WHAT NEEDS TO BE DONE: Where does the string "Lamp" appear? Copy every line of the entries below that holds it.

SUPPLIED ENTRIES:
Segment Open

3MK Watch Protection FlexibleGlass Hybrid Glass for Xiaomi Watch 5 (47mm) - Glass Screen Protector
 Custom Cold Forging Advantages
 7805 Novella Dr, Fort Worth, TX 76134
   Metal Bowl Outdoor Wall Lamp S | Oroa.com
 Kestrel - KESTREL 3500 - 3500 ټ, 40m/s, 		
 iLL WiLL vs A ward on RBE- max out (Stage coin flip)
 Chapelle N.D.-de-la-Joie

Segment Closed
Segment Open

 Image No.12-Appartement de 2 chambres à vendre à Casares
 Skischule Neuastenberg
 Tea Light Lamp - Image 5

Segment Closed
Segment Open

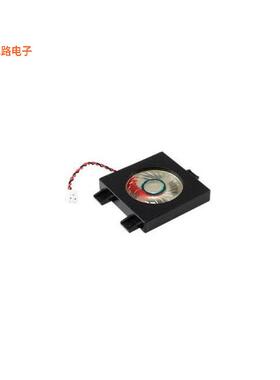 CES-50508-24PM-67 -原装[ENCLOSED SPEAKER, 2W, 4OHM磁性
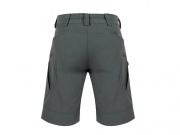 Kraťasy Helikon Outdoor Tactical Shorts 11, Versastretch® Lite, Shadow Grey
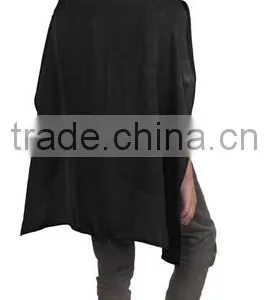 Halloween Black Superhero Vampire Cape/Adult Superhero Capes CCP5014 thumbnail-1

Segment Closed

EXPECTED ANSWER:
   Metal Bowl Outdoor Wall Lamp S | Oroa.com
 Tea Light Lamp - Image 5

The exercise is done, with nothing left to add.